While I'm not entirely sure what this man gets out of his current exploits, I have no doubt that he won a Presidential Physical Fitness Award when he was 11 years old. Every school kid remembers taking the fitness test, striving for that mystical 85th percentile. The 85th percentile. A magical phrase. Percentiles held such power as a kid, whether it was in the Iowa Basics or the presidential fitness test. I envied the kids who achieved this award. A Medal of Honor wouldn't have impressed me as much at that age.

Sit-ups, pull-ups, distance run, sit-and-reach and the maddening shuttle run. Those were the events. Until about fifth grade, I dominated in nearly all of the events. Through fourth grade I was one of the fastest kids in our class, chasing down the slow-moving targets during tag. I managed a respectable number of chin-ups and always cruised through the sit-ups. Then something happened. I lost speed. I lost strength. My flexibility stopped improving and never got any better after that. I no longer had a shot at earning the president's praise for my physical fitness.

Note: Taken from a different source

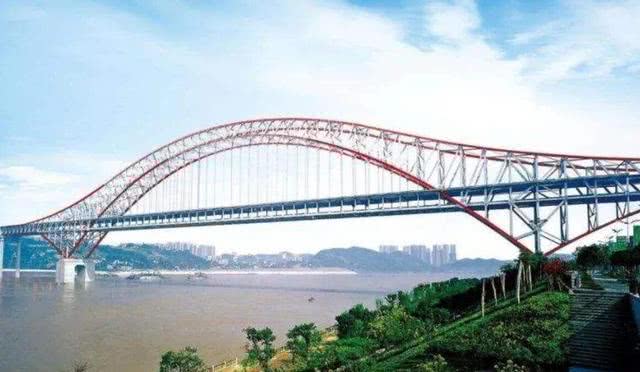 世界最長(zhǎng)的大橋，開車全程要兩個(gè)小時(shí)，長(zhǎng)度大概是港珠澳大橋三倍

The shuttle run seemed like the most unfair event. Our little gym's floor tormented runners, as if an ice rink resided beneath the shoddy wood surface. It was impossible to stop to pick up the little bricks before turning around and speeding toward the other one. That's one excuse I used, anyway.

But chin-ups remained the most humiliating event, from the time I was 12 until the day I turned 18. In a shuttle run, no one can really see just how slow you are. You're talking tenths of a second. Sit-and-reach? Who cares? Everyone - except future cross country stars - hates the mile run. But chin-ups, they're you're out in the open, exposed, dangling from the bar, kicking, grunting, groaning, straining, fighting, weeping, quitting. How long would you hang there before finally giving up? A minute? Two? Occasionally I got away with one pull-up, by doing the jump-up-and-count-that-as-one-and-hope-the-teacher-doesn't-notice trick. The snickers echoed through the gym as your body swayed and your arms shook from the strain. You weren't just disappointing yourself and your parents. You were letting down the president. You were letting down your country. I remember one year they changed it so your palms were no longer facing you, making it even tougher.

An 11-year-old boy is supposed to be able to do six chin-ups. What's the point? What's this measuring? What's the shuttle run measuring, other than shoe traction? Why didn't the president make free throw shooting part of the challenge, or track the speed of a 12-year-old's tennis serve?

I didn't get any stronger in high school, at least not in categories that could be measured with a chart. I had the upper-body strength of a patient who's spent two months in a hospital bed. Only the muscular and light thrived, along with anyone in the wrestling program. An average kid with an average physique didn't stand a chance.

In high school we had a kid who could do like a dozen chin-ups, but on each one he slithered up to the bar, his long red hair wiggling back and forth. It remains the most unique style I've ever seen, not that I've witnessed many chin-up competitions since high school graduation. It was a snake technique and for all I know the president eventually banned it. At first we all laughed, but he quickly earned our respect, especially those of us who remained in the hanging group. Who the hell were we to laugh at anyone?

The fitness challenge isn't just for children. Adults can torture themselves, too. There's apparently an adult fitness competition, but it looks like chin-ups are not part of it. Sit-ups remain, and you can do push-ups to measure strength. Too bad about the chin-ups. It'd be a great way to relive some childhood memories. Find a construction site, round up some local teens who can gawk and verbally mock you, and put on an ill-fitting shirt that rides up as you hang helplessly in the air while your pale stomach dangles over your shorts.

Go for that 85th percentile. Do it for your health. Damn it, do it for your country.